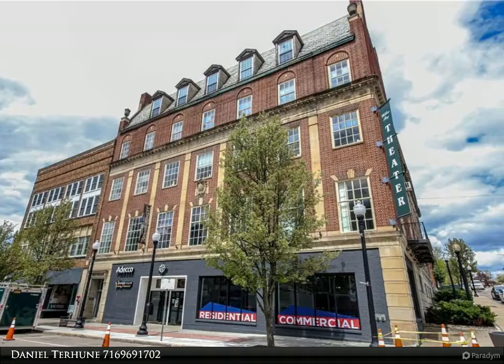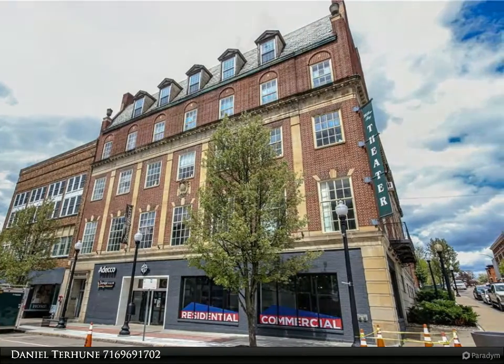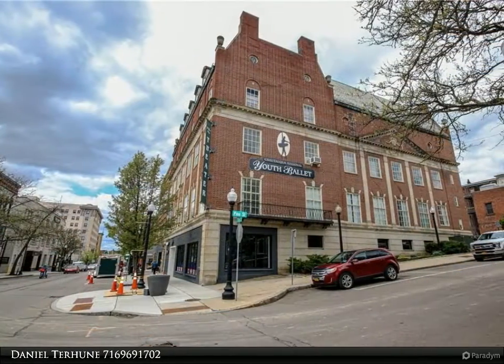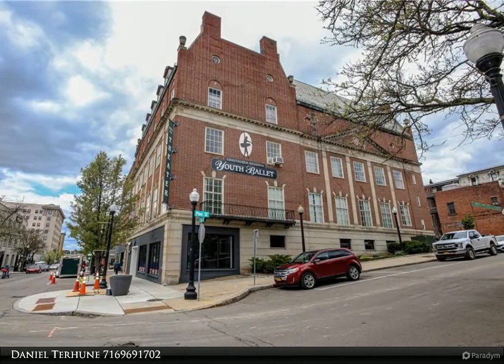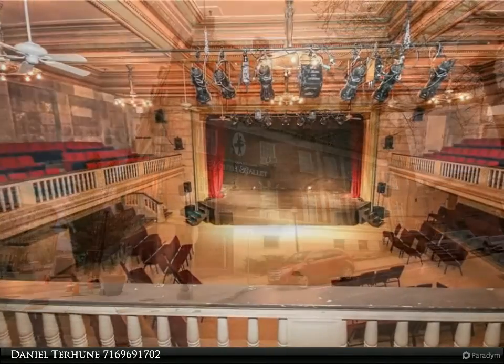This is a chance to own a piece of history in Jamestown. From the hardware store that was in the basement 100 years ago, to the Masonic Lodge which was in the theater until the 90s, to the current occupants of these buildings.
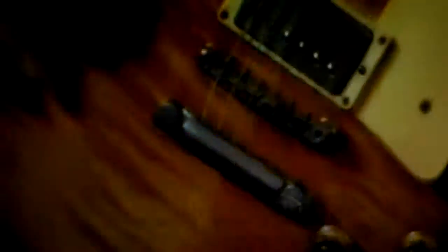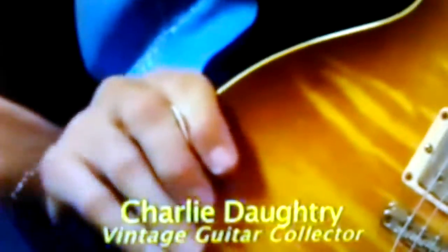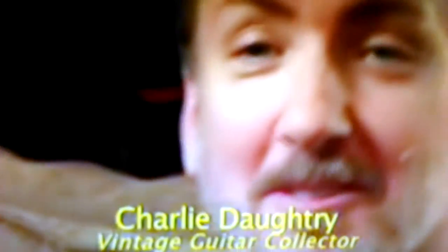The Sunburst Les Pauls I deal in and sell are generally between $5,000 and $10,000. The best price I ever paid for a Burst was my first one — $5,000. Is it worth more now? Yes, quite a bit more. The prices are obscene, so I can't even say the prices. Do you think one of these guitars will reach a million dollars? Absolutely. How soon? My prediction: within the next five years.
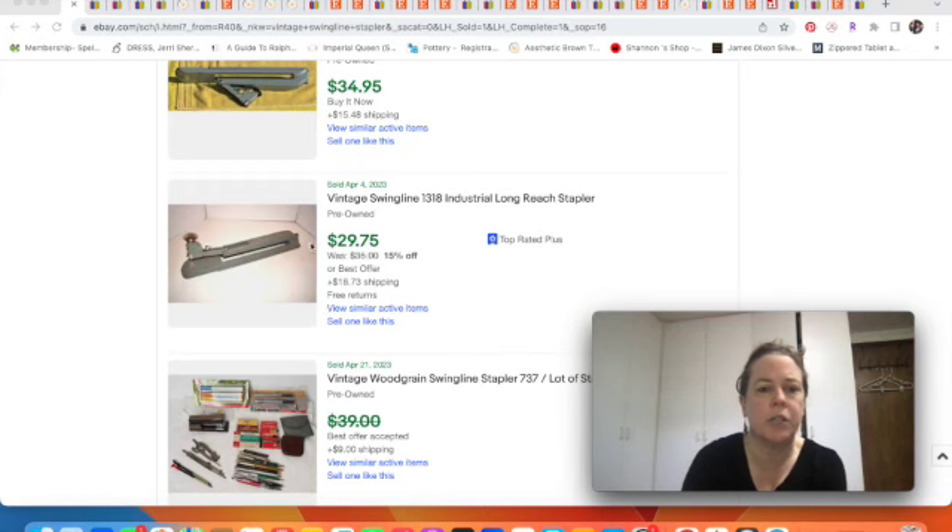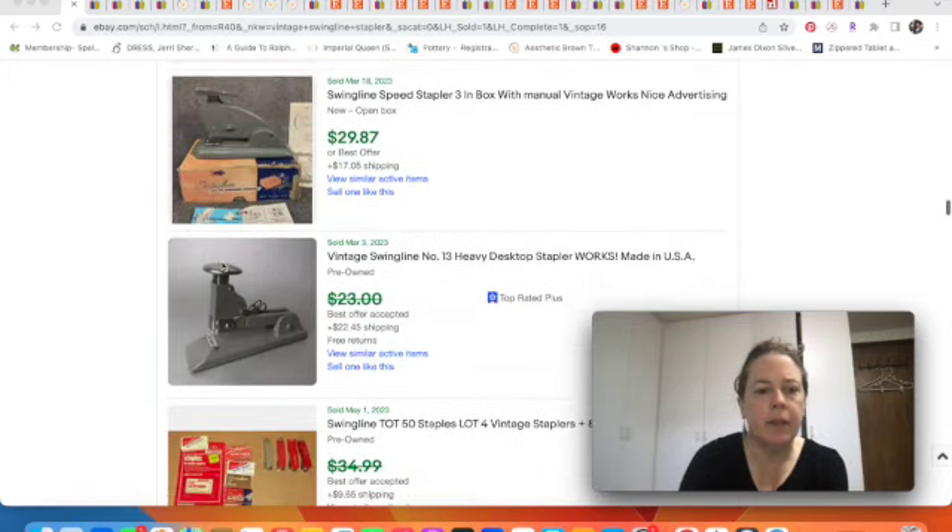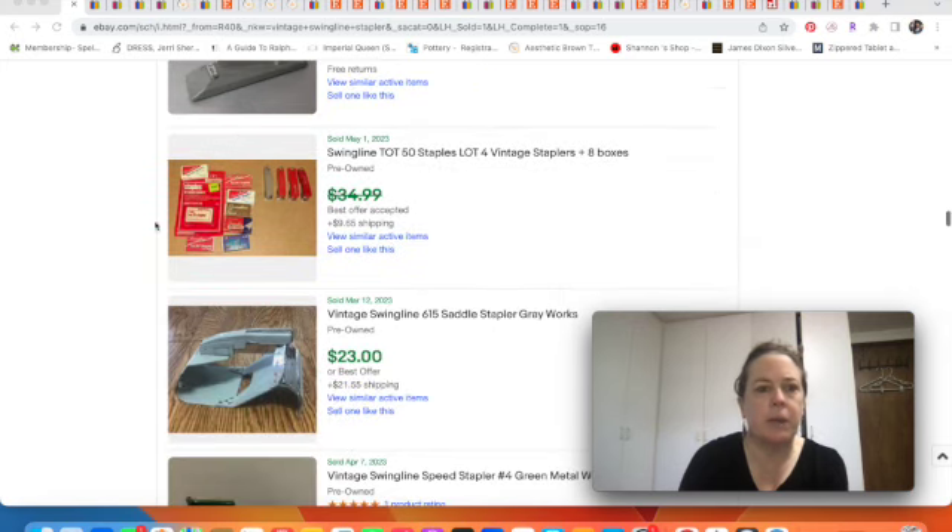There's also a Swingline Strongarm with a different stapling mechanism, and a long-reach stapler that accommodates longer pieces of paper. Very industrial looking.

| WHAT IS BEING ASKED |
The whole listing above is to be repeated exactly, apart from its pictures.

| COMPLETED EXERCISE |
This is a chance to own a piece of history in Jamestown. From the hardware store that was in the basement 100 years ago, to the Masonic Lodge which was in the theater until the 90s, to the current occupants of these buildings.
The Sunburst Les Pauls I deal in and sell are generally between $5,000 and $10,000. The best price I ever paid for a Burst was my first one — $5,000. Is it worth more now? Yes, quite a bit more. The prices are obscene, so I can't even say the prices. Do you think one of these guitars will reach a million dollars? Absolutely. How soon? My prediction: within the next five years.
There's also a Swingline Strongarm with a different stapling mechanism, and a long-reach stapler that accommodates longer pieces of paper. Very industrial looking.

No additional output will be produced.